Task requirements = Would you please repeat, word for word, only the lines from the one holding "Zmile Cosmetics Advent Calendar Cube" through the one holding "Lost Vape UB Max Coils Verdampferkopf 0,3Ohm" in the material below, without the pictures?

Study material =
········

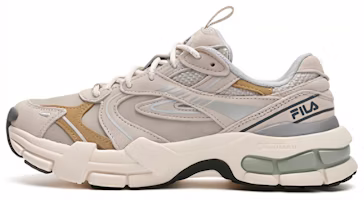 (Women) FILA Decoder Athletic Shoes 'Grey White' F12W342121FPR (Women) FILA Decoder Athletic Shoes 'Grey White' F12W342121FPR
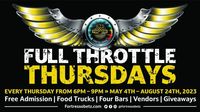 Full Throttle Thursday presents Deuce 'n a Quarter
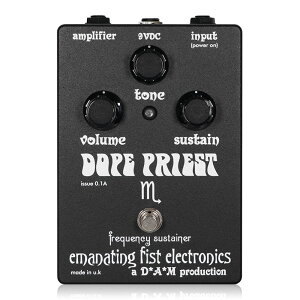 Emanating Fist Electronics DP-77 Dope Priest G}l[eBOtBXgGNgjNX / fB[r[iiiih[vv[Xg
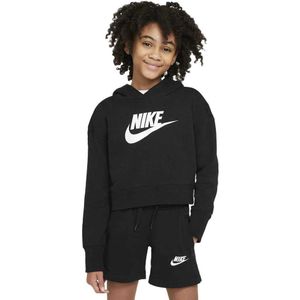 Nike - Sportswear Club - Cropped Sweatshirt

········

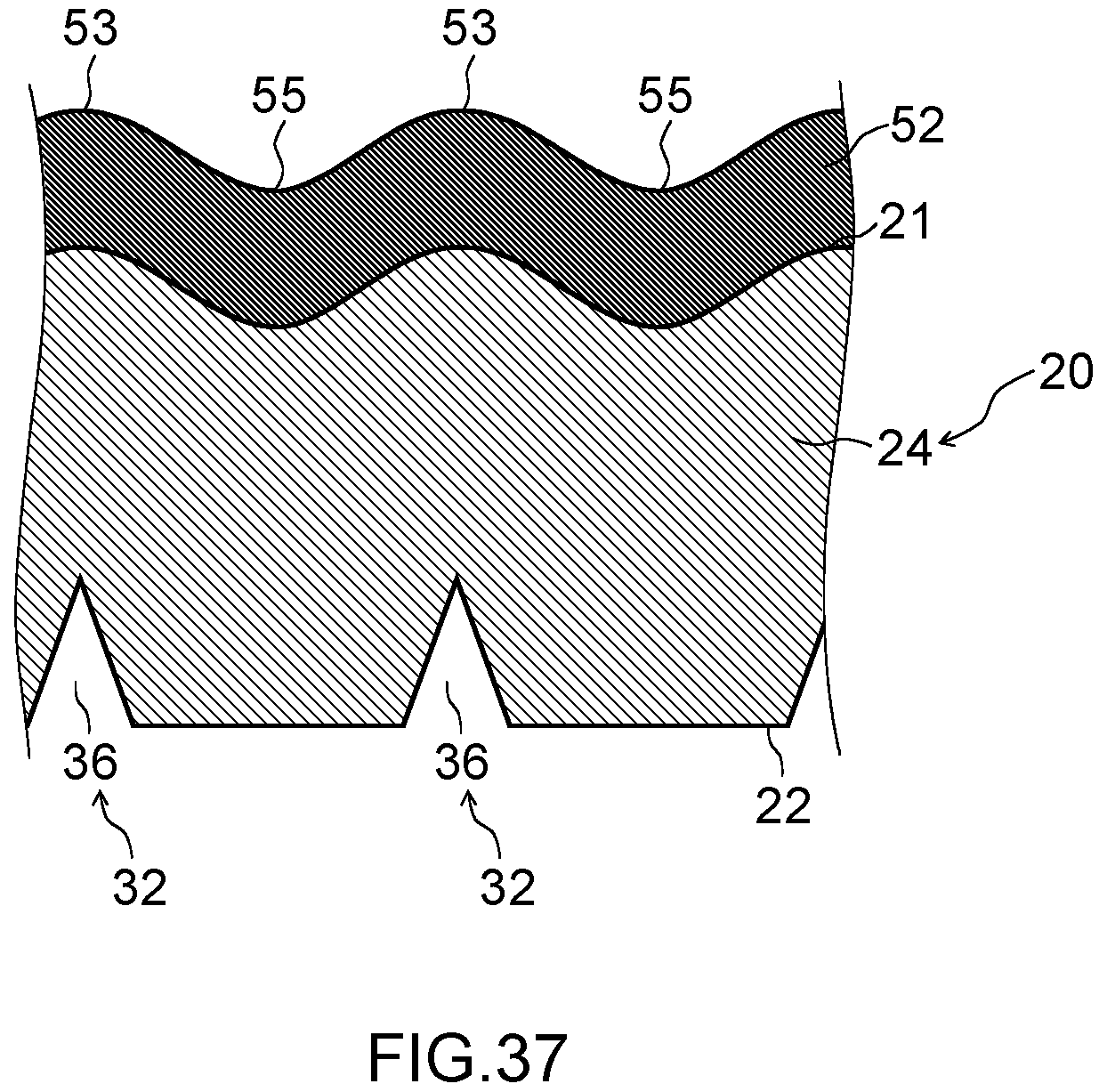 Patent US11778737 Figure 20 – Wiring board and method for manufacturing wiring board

········

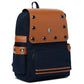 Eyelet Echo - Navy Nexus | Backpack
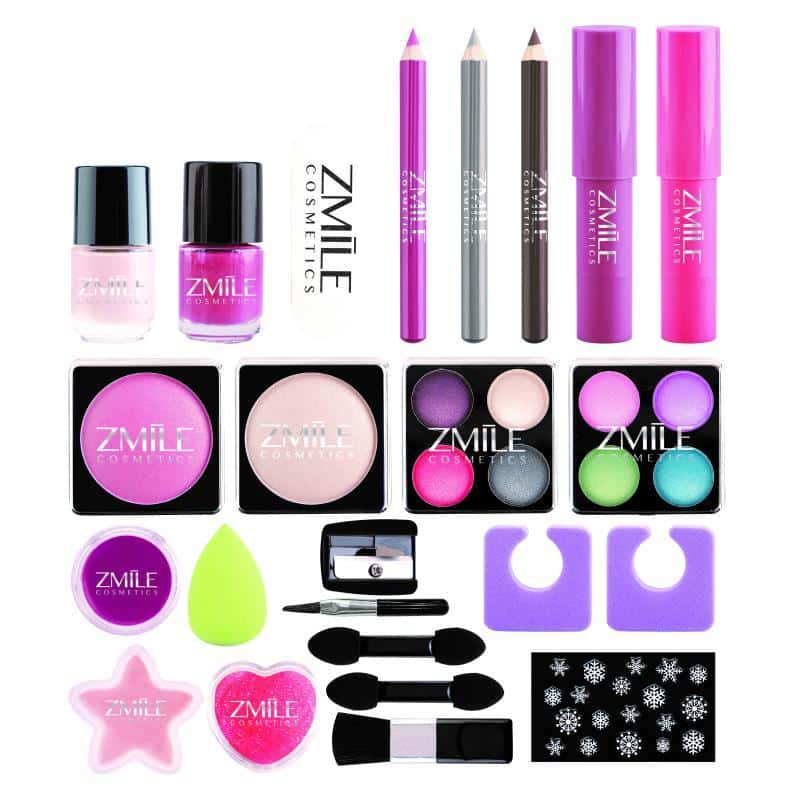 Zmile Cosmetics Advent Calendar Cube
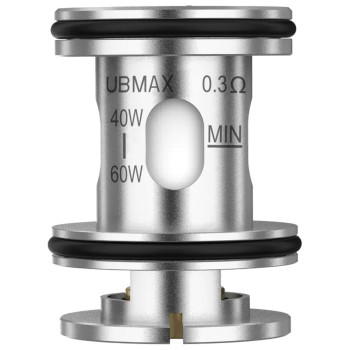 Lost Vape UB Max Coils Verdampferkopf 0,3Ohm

········

Reply =
 Zmile Cosmetics Advent Calendar Cube
 Lost Vape UB Max Coils Verdampferkopf 0,3Ohm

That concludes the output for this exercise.